El target más importante es el infantil porque es posible generar una conexión emocional y de lealtad en temprana edad, lo que en la adultez se convierte en nostalgia. Pero ¿por qué limitar el uso de mascotas? De forma simple: los empaques influyen en la elección de los menores. Académicos de la Universidad Católica Portuguesa explican que los niños, antes de hacer decisiones cognitivas, se basan en sus emociones, conmovidos por el impacto del awareness y su afinidad con el personaje. ¿Puedes pensar en cómo influye tu artista favorito en lo que haces? Lo mismo pasa con los menores: las mascotas son celebridades. La importancia de esto es que con estas figuras desarrollamos una relación para-social, nos sentimos cercanos a esas personalidades, impactando en la compra y, en este caso, la dieta de los niños. A pesar de que el propósito de esta estrategia es dar a conocer la marca, también contribuye a la obesidad infantil, siendo este sector el consumidor final de los nutrientes críticos del producto.

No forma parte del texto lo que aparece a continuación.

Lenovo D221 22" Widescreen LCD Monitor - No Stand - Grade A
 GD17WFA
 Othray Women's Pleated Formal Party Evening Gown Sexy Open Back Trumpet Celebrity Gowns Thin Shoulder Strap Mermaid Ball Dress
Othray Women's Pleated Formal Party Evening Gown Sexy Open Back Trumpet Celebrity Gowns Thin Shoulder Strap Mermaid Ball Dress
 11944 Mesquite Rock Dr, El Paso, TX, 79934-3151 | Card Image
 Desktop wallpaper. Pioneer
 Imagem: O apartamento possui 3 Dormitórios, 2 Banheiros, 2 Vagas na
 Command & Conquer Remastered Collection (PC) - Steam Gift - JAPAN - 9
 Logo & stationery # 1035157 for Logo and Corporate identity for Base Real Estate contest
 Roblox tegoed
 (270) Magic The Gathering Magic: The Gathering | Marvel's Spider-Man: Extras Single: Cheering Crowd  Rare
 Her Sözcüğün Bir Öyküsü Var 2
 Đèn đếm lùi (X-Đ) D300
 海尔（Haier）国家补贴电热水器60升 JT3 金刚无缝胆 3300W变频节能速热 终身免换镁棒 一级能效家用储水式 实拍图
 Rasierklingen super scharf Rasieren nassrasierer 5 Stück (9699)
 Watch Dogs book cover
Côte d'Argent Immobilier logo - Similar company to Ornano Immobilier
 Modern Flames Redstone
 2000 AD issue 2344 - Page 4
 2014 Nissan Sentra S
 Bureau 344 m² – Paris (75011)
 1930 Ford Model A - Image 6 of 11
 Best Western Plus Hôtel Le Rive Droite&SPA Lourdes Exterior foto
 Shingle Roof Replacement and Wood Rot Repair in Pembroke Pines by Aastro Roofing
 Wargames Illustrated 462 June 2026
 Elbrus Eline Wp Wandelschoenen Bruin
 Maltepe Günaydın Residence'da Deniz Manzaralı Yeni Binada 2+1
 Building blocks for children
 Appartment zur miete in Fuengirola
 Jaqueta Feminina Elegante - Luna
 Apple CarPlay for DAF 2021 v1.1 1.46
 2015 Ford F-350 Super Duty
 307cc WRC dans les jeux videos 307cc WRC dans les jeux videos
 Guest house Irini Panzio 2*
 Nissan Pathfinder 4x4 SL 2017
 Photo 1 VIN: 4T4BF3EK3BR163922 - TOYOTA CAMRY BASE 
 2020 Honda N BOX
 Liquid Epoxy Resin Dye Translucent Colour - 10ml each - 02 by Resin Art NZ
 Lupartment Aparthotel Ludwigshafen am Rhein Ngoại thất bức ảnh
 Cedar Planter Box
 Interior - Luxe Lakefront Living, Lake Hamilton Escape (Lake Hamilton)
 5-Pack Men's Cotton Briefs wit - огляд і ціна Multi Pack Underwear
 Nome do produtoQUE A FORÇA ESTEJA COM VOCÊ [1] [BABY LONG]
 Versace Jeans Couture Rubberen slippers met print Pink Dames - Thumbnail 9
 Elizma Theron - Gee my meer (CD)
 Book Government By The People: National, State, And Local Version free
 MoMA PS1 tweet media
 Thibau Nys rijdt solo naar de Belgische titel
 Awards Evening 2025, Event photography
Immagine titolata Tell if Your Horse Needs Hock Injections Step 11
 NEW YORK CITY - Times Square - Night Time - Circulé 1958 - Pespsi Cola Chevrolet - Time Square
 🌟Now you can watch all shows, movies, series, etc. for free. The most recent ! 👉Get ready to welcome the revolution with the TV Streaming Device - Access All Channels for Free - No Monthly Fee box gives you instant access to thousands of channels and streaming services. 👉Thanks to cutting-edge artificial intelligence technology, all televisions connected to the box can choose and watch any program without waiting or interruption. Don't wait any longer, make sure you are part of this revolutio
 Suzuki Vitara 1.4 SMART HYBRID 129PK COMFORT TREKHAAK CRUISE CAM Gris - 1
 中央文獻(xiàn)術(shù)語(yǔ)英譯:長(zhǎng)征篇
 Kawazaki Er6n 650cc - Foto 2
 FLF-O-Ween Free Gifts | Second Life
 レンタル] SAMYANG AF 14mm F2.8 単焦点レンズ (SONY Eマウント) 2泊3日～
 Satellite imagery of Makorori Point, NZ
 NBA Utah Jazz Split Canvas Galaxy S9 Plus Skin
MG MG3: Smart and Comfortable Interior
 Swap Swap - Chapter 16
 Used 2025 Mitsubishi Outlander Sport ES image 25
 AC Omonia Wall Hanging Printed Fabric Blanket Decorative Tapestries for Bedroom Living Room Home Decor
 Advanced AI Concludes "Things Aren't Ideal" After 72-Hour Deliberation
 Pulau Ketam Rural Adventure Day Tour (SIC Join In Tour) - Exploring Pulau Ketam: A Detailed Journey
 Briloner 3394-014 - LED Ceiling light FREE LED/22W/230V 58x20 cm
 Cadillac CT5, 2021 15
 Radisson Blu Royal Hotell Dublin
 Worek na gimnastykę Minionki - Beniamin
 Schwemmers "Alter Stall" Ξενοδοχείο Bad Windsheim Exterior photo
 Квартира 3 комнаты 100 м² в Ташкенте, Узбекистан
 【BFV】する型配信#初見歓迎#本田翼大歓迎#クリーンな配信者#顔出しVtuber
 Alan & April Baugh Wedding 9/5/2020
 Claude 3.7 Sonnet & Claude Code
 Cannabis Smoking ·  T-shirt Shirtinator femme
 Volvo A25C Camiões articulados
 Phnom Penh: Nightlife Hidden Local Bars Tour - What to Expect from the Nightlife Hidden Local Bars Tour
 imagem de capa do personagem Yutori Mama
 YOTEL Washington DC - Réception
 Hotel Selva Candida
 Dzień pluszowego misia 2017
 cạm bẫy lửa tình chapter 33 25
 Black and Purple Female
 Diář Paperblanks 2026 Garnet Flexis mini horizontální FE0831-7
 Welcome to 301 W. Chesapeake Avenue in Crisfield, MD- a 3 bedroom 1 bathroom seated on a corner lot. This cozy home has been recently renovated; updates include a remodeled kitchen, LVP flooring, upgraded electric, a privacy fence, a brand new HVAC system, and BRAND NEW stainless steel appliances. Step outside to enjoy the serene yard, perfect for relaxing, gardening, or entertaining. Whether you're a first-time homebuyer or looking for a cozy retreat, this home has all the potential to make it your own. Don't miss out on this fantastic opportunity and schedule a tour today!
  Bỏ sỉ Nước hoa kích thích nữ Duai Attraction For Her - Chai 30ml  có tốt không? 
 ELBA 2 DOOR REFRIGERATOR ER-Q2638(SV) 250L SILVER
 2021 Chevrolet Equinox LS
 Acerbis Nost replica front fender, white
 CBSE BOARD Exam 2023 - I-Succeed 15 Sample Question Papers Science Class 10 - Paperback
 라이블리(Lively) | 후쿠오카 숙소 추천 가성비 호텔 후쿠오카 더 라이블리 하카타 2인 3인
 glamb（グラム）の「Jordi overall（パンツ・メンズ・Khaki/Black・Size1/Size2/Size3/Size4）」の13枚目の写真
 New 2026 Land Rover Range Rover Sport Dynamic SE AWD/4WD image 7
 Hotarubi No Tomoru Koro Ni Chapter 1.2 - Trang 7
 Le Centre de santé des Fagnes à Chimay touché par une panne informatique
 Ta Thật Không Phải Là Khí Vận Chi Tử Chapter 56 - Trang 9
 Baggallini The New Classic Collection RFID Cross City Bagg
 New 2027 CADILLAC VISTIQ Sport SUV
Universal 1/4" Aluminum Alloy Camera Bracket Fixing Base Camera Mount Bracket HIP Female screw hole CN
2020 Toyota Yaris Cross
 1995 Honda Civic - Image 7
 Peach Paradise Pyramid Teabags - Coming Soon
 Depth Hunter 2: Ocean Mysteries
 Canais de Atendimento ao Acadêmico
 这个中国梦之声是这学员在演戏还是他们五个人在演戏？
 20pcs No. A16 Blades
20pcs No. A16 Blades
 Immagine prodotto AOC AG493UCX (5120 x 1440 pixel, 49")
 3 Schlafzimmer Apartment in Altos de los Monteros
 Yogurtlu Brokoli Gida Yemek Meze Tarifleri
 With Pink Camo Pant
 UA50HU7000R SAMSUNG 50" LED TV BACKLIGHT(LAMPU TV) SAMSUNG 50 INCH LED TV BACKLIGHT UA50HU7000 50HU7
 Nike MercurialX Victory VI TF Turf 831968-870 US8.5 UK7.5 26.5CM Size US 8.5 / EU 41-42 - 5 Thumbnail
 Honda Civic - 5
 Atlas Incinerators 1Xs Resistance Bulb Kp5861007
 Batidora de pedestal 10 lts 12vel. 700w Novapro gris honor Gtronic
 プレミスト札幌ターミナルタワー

Existen varios puntos de vista sobre esta decisión normativa. Uno es el juicio público, que puede encontrarse bajo la posible nostalgia que provoca la mercadotecnia. Otros, señalan que hará falta más esfuerzo por evitar la obesidad y sobrepeso. De cualquier manera, es indispensable entender que el consumidor va a cambiar su forma de compra. Para acatar la problemática que representa esta norma, es importante que las marcas tomen en cuenta las distintas vías para construir su identidad y atributos. Esto también abre una ventana de oportunidad para llegar al mercado de manera diferente y reconstruirse totalmente a través de otros aspectos que los definan como organizaciones. Para crecer, resulta necesario explorar más que la identidad visual, se pueden buscar otros rubros como responsabilidad social y experiencia, que impacten al consumidor en niveles afectivos, cognitivos y de comportamiento. La identidad no es sólo cómo nos vemos, sino cómo lo hacemos.